Attached files

file filename
S-1 - LF George Holdings, Inc.forms-1.htm
EX-3.2 - LF George Holdings, Inc.exhibit3-2.htm
EX-10.3 - LF George Holdings, Inc.exhibit10-3.htm
EX-10.1 - LF George Holdings, Inc.exhibit10-1.htm
EX-10.4 - LF George Holdings, Inc.exhibit10-4.htm
EX-23.1 - LF George Holdings, Inc.exhibit23-1.htm
EX-10.2 - LF George Holdings, Inc.exhibit10-2.htm
EX-21.1 - LF George Holdings, Inc.exhibit21-1.htm
 
 


Exhibit 3.1


STATE of DELAWARE
CERTIFICATE of INCORPORATION
A STOCK CORPORATION
(WITH DIRECTORS LIABILITY)

1.  
The name of this corporation shall be LF GEORGE HOLDINGS INC

2.  
Its registered office in the State of Delaware is located at 108 W 13TH STREET  In the City of WILMINGTON, County of NEW CASTLE, Zip Code 19801 and its Registered Agent at such address is BUSINESS FILINGS INCORPORATED

3.  
The purpose or purposes of the corporation shall be: See Attached

4.  
The total number of shares and par value of stock which the corporation shall be authorized to issue is: TWENTY FIVE MILLION (25,000,000) SHARES OF COMMON STOCK WITH A PAR VALUE OF $0.01 PER SHARE

5.  
The powers, preferences and rights and the qualifications, limitations or restrictions thereof shall be determined by the board of directors.

6.  
The name and address of the incorporator is as follows:
DOUGLAS K DARLING
         760 MARKET STREET, SUITE 304, SAN FRANCISCO, CA 94102

7.  
The Board of Directors shall have the power to adopt, amend or repeal by by-laws.

8.  
No director shall be personally liable to the Corporation or its stockholders for monetary damages for any breach of fiduciary duty by such director as a director.
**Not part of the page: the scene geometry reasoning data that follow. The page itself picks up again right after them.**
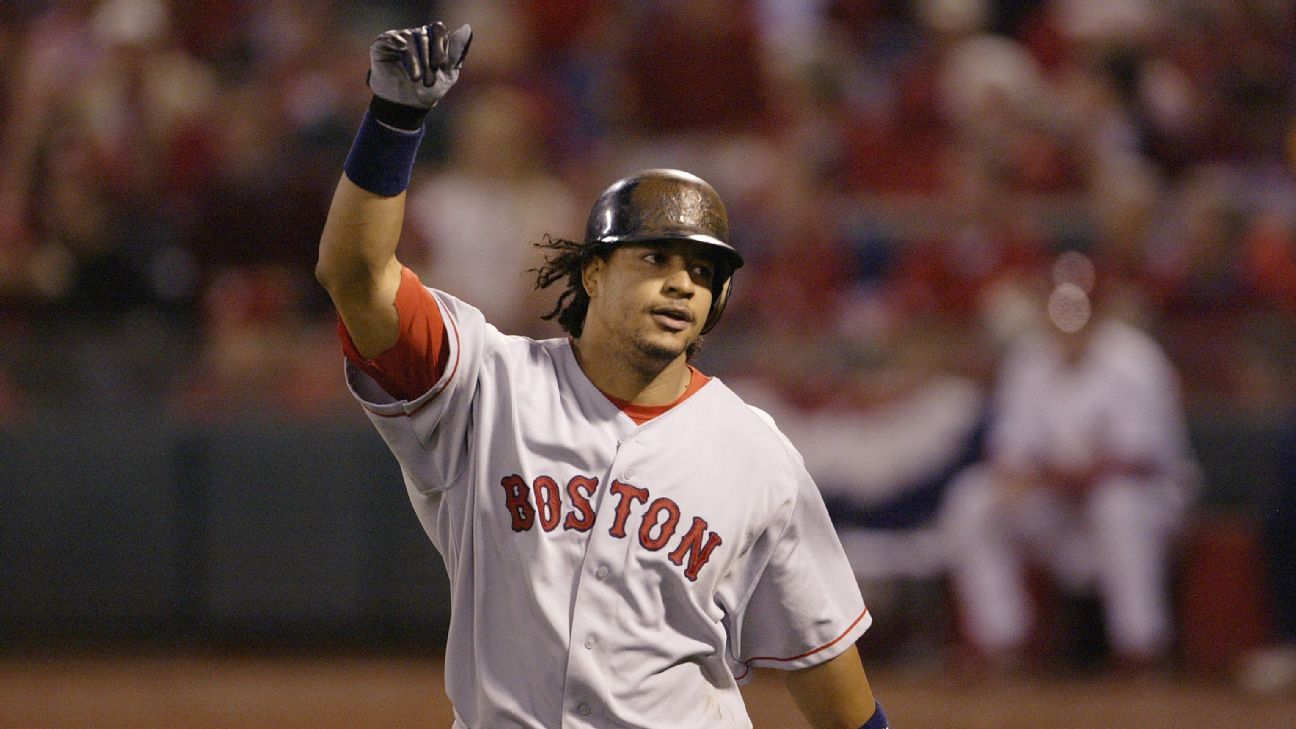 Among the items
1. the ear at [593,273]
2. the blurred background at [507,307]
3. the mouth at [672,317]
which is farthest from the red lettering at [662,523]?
the blurred background at [507,307]

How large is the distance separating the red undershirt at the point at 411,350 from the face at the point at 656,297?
0.29m

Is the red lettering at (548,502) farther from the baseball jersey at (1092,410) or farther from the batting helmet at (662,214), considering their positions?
the baseball jersey at (1092,410)

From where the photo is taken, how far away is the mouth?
2.46 meters

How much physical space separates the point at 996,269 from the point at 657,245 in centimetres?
518

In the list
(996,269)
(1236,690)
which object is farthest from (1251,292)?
(1236,690)

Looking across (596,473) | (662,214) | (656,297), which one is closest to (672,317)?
(656,297)

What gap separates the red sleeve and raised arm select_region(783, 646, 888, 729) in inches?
33.3

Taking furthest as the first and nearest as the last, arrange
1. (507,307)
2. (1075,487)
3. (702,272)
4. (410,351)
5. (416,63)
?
(507,307) < (1075,487) < (702,272) < (410,351) < (416,63)

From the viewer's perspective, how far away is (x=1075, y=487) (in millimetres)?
6801

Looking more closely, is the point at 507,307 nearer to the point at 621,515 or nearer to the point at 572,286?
the point at 572,286

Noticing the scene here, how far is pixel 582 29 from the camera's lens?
8.99 metres

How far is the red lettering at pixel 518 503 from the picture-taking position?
2406 mm

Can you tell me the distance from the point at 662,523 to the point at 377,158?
709 mm

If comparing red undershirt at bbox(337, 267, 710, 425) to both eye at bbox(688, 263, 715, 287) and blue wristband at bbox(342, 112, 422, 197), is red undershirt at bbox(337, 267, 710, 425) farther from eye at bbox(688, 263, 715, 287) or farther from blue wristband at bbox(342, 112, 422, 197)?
eye at bbox(688, 263, 715, 287) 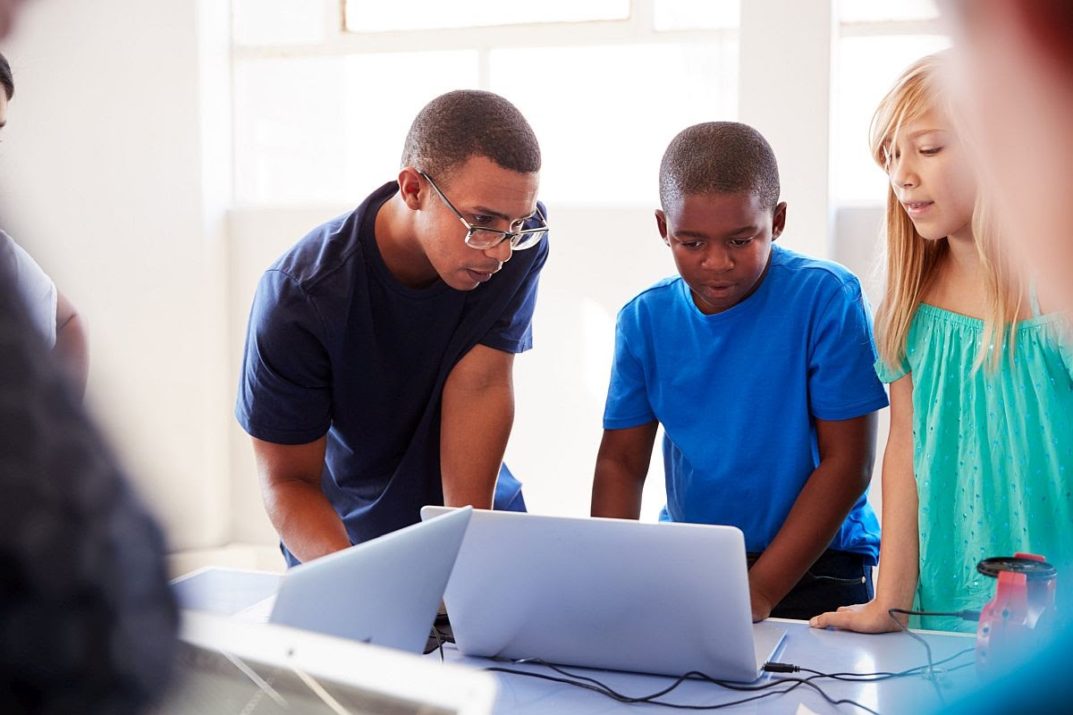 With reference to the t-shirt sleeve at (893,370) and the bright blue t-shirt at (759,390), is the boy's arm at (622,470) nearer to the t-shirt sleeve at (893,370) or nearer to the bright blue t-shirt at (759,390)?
the bright blue t-shirt at (759,390)

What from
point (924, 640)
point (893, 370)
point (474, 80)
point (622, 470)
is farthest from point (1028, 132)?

Notwithstanding the foregoing sentence, a director shall be liable to the extent provided by applicable law, (i) for breach of the director’s duty of loyalty to the Corporation or its stockholders, (ii) for acts or omissions not in good faith or which involve intentional misconduct or a knowing violation of law, (iii) pursuant to Section 174 of the Delaware General Corporation Law or (iv) for any transaction from which the director derived an improper personal benefit. No amendment to or repeal of this Article Eighth shall apply to or have any effect on the liability or alleged liability of any director of the Corporation for or with respect to any acts or omissions of such director occurring prior to such amendment.

IN WITNESS WHEREOF, the undersigned, being the incorporator herein before named, has executed signed and acknowledged this certificate of incorporation this 18TH day of March, 2011.